Dalam pengujian laboratorium, perusahaan berhasil mendemonstrasikan proses ikatan dielektrik ultratipis, rekayasa saluran ganda pada transistor bertumpuk, hingga inverter CMOS yang berfungsi sesuai spesifikasi.
Hasil tersebut menunjukkan NanoStack tidak lagi sebatas konsep penelitian, tetapi telah terbukti dapat diproduksi secara fisik dan menjalankan proses komputasi.
Didukung Teknologi High-NA EUV
Pengembangan chip 0,7 nm ini memanfaatkan teknologi litografi terbaru High Numerical Aperture Extreme Ultraviolet (High-NA EUV).
Melalui pusat riset Albany NanoTech di New York, IBM bekerja sama dengan sejumlah perusahaan semikonduktor dunia, seperti ASML, Lam Research, Tokyo Electron, dan Screen, untuk mengembangkan teknologi litografi serta material fabrikasi generasi berikutnya.
IBM juga tengah mengembangkan material metal-oxide resist terbaru yang dirancang khusus untuk mendukung proses produksi chip pada ukuran angstrom.
Menjawab Tantangan Hukum Moore
Selama puluhan tahun, perkembangan industri chip mengikuti Hukum Moore yang menyatakan jumlah transistor dalam sebuah chip akan berlipat ganda setiap dua tahun.
Namun ketika kepadatan transistor telah mencapai puluhan miliar, pendekatan tersebut semakin sulit dipertahankan.

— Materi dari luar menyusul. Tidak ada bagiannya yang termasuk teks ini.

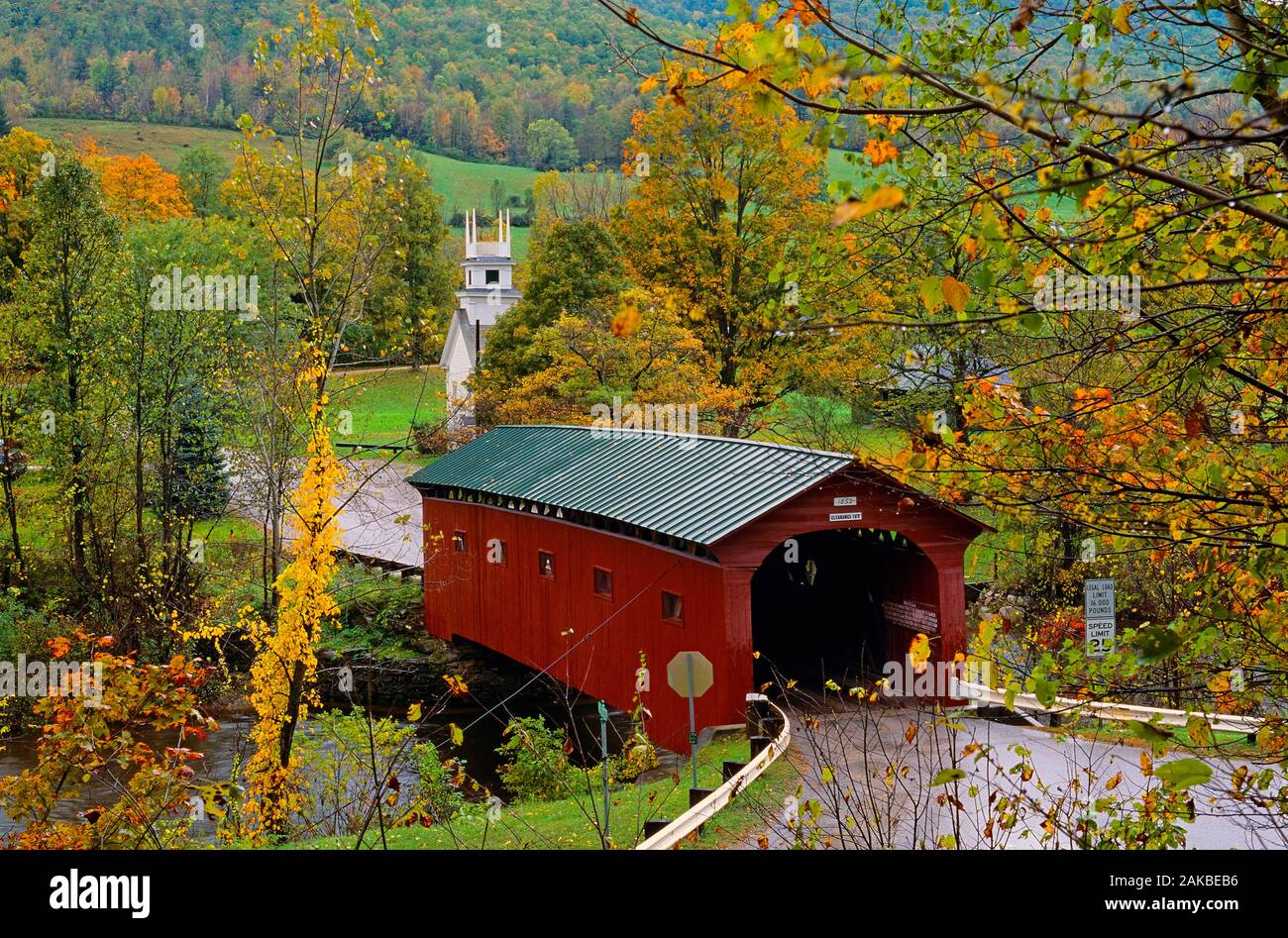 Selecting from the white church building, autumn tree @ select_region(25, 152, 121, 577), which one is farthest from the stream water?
the white church building

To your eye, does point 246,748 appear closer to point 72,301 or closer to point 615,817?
point 615,817

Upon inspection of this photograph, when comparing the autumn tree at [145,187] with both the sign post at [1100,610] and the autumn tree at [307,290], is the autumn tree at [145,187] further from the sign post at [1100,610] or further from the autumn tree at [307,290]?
the sign post at [1100,610]

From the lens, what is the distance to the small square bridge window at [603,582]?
16.2 meters

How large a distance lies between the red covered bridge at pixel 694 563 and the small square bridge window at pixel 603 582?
0.05 metres

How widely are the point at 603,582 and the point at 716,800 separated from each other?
6567mm

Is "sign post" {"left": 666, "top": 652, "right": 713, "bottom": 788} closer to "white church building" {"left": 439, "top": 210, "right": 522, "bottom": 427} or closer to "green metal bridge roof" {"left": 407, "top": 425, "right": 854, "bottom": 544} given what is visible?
"green metal bridge roof" {"left": 407, "top": 425, "right": 854, "bottom": 544}

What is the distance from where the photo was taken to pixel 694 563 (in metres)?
14.2

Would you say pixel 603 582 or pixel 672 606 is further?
pixel 603 582

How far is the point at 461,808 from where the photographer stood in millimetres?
12250

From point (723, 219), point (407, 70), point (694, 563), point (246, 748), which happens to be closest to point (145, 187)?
point (407, 70)

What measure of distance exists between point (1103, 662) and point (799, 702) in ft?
34.3

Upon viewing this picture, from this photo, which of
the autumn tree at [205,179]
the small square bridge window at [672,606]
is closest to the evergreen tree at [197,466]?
the small square bridge window at [672,606]

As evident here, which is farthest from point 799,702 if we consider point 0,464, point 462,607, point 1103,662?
point 0,464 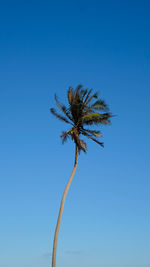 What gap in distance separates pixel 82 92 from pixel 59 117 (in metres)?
3.43

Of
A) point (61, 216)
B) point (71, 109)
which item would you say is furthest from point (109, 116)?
point (61, 216)

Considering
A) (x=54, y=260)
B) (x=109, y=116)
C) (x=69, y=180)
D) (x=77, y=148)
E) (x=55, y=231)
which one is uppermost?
(x=109, y=116)

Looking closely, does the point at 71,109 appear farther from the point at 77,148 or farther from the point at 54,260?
the point at 54,260

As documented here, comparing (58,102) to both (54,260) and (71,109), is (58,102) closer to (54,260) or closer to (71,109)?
(71,109)

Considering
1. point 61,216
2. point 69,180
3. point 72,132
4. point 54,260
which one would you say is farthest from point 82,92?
point 54,260

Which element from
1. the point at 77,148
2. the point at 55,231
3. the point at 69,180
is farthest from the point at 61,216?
the point at 77,148

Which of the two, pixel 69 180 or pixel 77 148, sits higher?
pixel 77 148

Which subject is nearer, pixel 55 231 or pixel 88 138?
pixel 55 231

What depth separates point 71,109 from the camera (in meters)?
40.5

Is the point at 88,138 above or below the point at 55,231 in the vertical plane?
above

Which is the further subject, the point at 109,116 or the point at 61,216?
the point at 109,116

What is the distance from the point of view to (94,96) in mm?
40969

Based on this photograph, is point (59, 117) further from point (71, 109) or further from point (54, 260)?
point (54, 260)

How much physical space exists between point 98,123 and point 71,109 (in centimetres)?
306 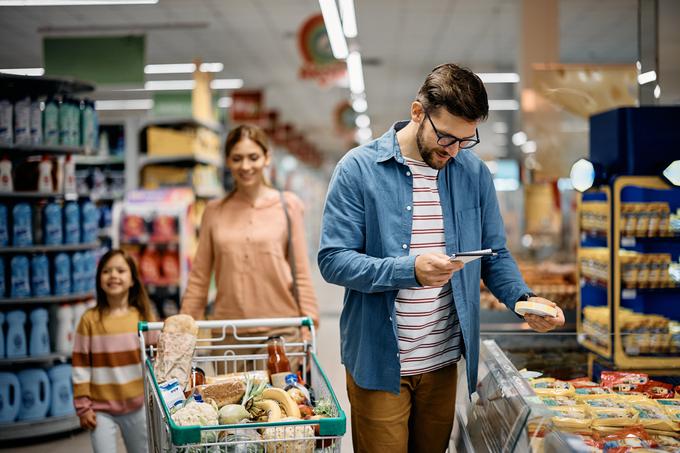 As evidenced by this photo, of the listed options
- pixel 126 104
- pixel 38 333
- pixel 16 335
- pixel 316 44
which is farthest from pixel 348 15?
pixel 126 104

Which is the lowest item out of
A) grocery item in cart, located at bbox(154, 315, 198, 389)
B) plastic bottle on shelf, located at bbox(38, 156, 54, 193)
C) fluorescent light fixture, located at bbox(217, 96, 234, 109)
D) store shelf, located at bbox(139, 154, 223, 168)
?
grocery item in cart, located at bbox(154, 315, 198, 389)

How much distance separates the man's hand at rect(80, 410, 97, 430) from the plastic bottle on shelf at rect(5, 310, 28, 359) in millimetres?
2432

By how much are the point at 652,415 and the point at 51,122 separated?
16.2ft

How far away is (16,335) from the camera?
5.61 metres

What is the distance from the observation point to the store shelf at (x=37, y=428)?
5.49 metres

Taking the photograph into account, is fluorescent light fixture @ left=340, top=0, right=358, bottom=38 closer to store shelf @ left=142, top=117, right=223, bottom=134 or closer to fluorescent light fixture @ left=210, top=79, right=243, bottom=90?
store shelf @ left=142, top=117, right=223, bottom=134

Karena itu, banyak perusahaan mulai beralih ke desain tiga dimensi. IBM menilai NanoStack menjadi salah satu pendekatan paling ambisius karena tidak hanya memperkecil ukuran transistor, tetapi juga menyusunnya secara vertikal sehingga kepadatan chip meningkat secara signifikan.
Profesor Ilmu Komputer University of Surrey, Alan Woodward, menggambarkan pendekatan IBM seperti membangun gedung pencakar langit dibandingkan memperluas kawasan permukiman.
Meski demikian, ia mengingatkan bahwa teknologi tiga dimensi tetap menghadapi tantangan besar, terutama dalam pengelolaan panas dan menjaga stabilitas transistor pada jarak antarlapisan yang sangat rapat.
Berpotensi Mendukung AI Generasi Berikutnya
IBM meyakini NanoStack akan menjadi fondasi penting bagi perkembangan komputasi AI dan pusat data masa depan yang membutuhkan performa tinggi dengan konsumsi daya lebih efisien.
Wakil Presiden Riset dan Pengembangan Teknologi Silikon IBM, Huiming Bu, mengatakan efisiensi energi kini menjadi faktor utama dalam pengembangan chip AI.
“Semua orang menginginkan performa lebih tinggi, tetapi tidak ada yang ingin membayar tagihan listrik yang lebih besar,” katanya.
Selain mendukung CPU dan GPU, NanoStack juga dirancang untuk berbagai jenis chip lain, termasuk system-on-chip (SoC) perangkat seluler serta memori SRAM.
Meski hasil riset menunjukkan perkembangan yang menjanjikan, teknologi chip 0,7 nanometer masih berada pada tahap penelitian. IBM memperkirakan teknologi NanoStack berpotensi memasuki produksi komersial dalam waktu sekitar lima tahun, setelah proses pengembangan dan transfer teknologi ke industri manufaktur selesai dilakukan.